Estate agents Foxtons saw revenues fall to £106.9m in 2019, down from the £111.5m reported during the previous financial year.
For the year ended 31 December 2019, the company made a pre-tax loss of £8.8m, down from £17.2m, and adjusted EBITDA was reported at £2.5m, compared with £3.6m in the same period in 2018.
Additionally, sales revenues decreased by 10% to £32.6m, whilst letting revenues decreased by 2% to £65.7m, which included the £2.7m impact from the tenancy fees ban.
In December, Foxtons also closed four of its “underperforming” branches.
CEO Nic Budden said: “In 2019 sales transactions continued to fall from the historic lows we saw the previous year.

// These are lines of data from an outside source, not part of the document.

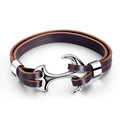 Cheap Custom Luxury Accessories for Men Anchor Leather Bracelet Rope Unisex Stainless Steel Blank Leather Bracelet PH1343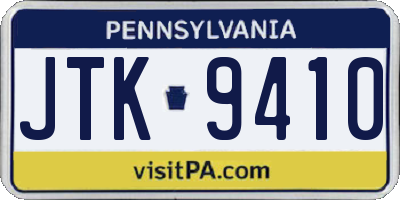 PA license plate JTK9410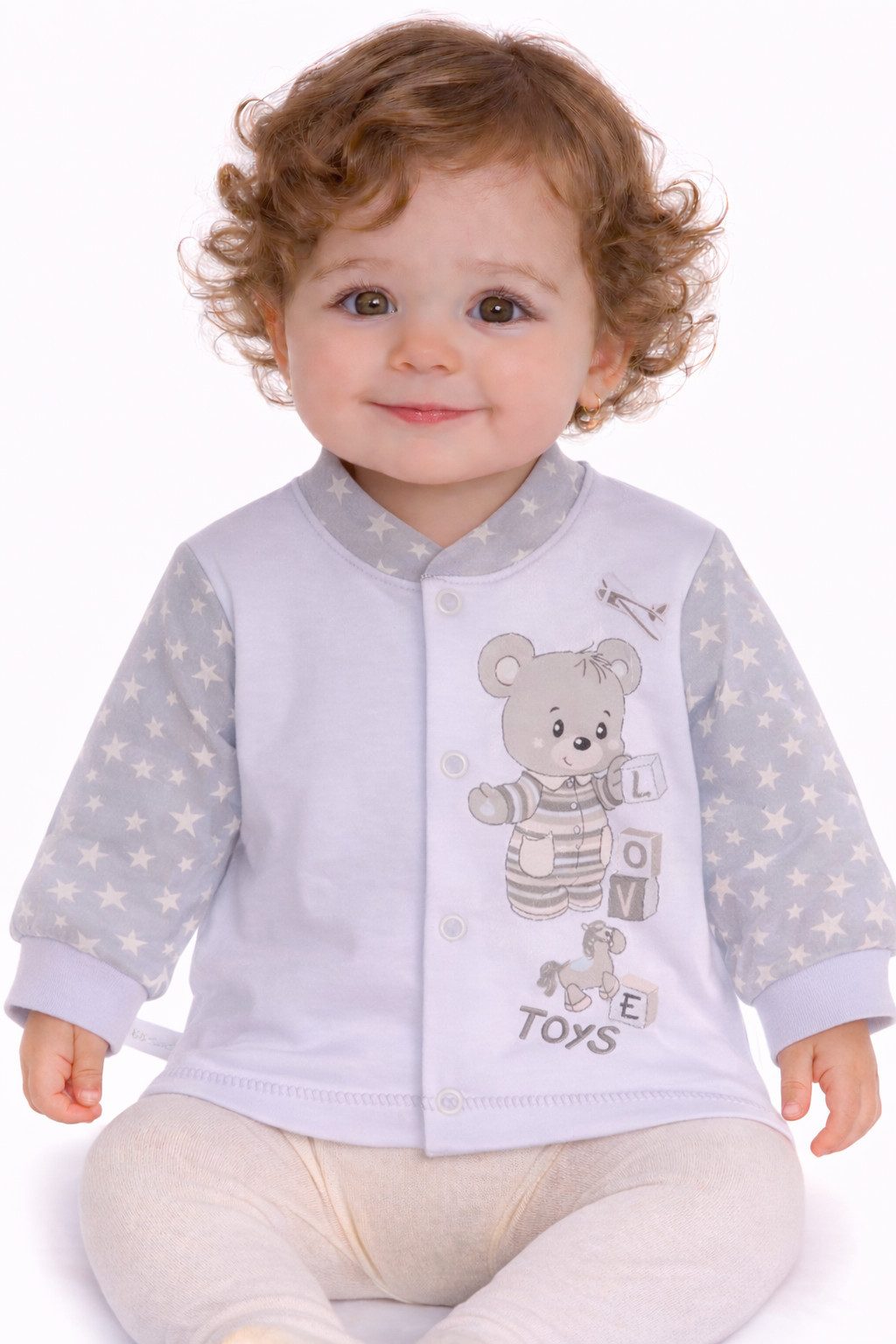 Langarmshirt Baby Hemdchen Shirt langarm in Blau mit Sternchen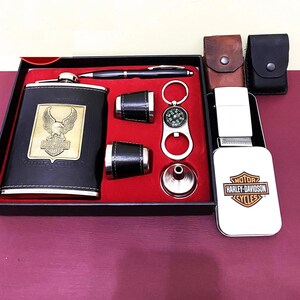 Harley Davidson Steel Leather Covered Zippo Original Lighter/ZIPPO MFG Co.Bradford.Pa Handmade Zippo Case/ / Compass, Pen, Shoot/Made in USA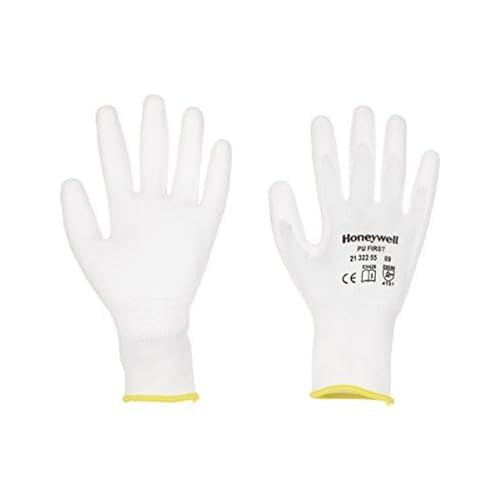 Guantes de PU Honeywell blancos talla 11 antideslizantes para trabajo y montaje en pack de 10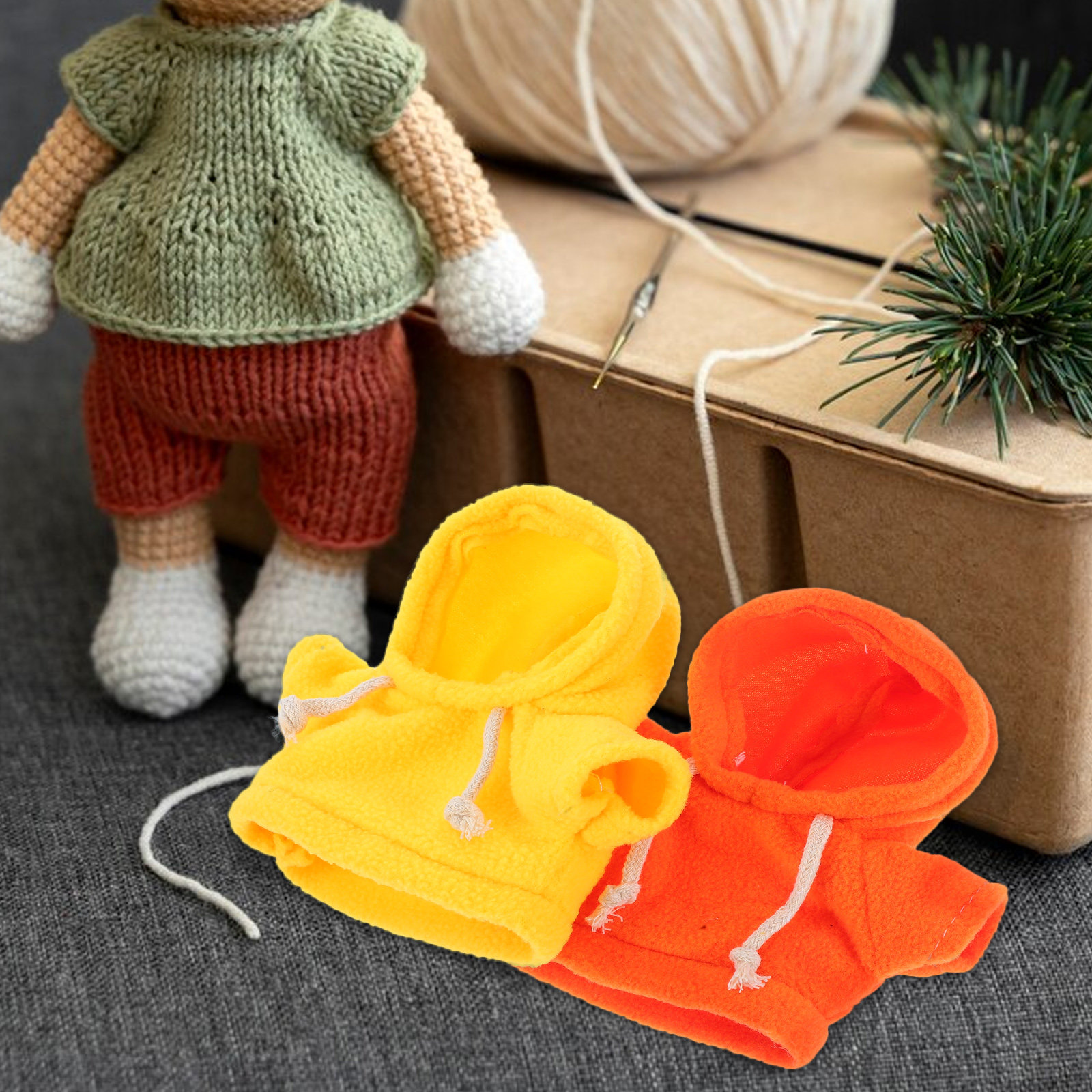 2Pcs Warm Bear Hoodie Clothes  - Winter Clothing Accessories avaliação e preço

In addition, we saw fewer high value sales at the top end of the market, which impacted sales revenue.
“In lettings, where our focus remains, we delivered another solid performance, despite the impact of the tenant fee ban which came into place in June 2019.”
He added: “Selling or finding a property is more challenging than ever before, whilst landlords are facing increasing legal risks through tighter regulation. These factors create even more relevance and demand for our high service models across both sales and lettings, which are built on the expertise and commitment of our people.
“Overall, we are pleased with our resilience in this prolonged downturn. The business and our people have proved adaptable and resilient, delivering stable results. We continue to maintain a strong balance sheet with no external borrowings.”